> _Extracted information_:
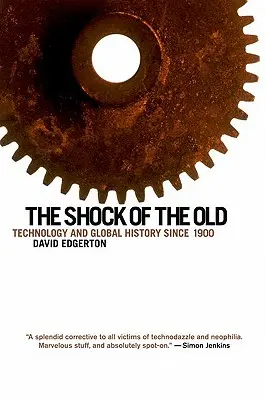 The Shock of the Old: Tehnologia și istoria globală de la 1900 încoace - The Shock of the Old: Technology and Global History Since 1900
---
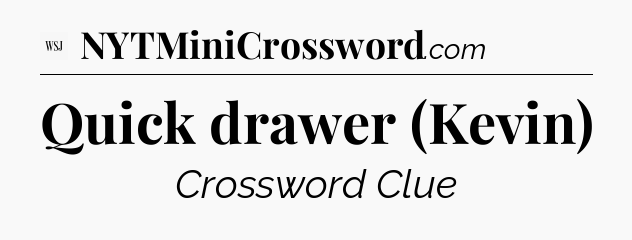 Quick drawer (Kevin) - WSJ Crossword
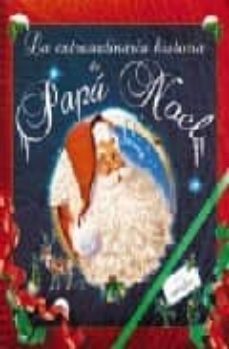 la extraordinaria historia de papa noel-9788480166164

> _Exercise description_: Your task is to copy only the lines above starting at the one containing "Quick drawer (Kevin) - WSJ Crossword" and ending at the one containing "la extraordinaria historia". Copy them exactly, both ends included, and omit the pictures.

> _Exercise output_:
 Quick drawer (Kevin) - WSJ Crossword
 la extraordinaria historia de papa noel-9788480166164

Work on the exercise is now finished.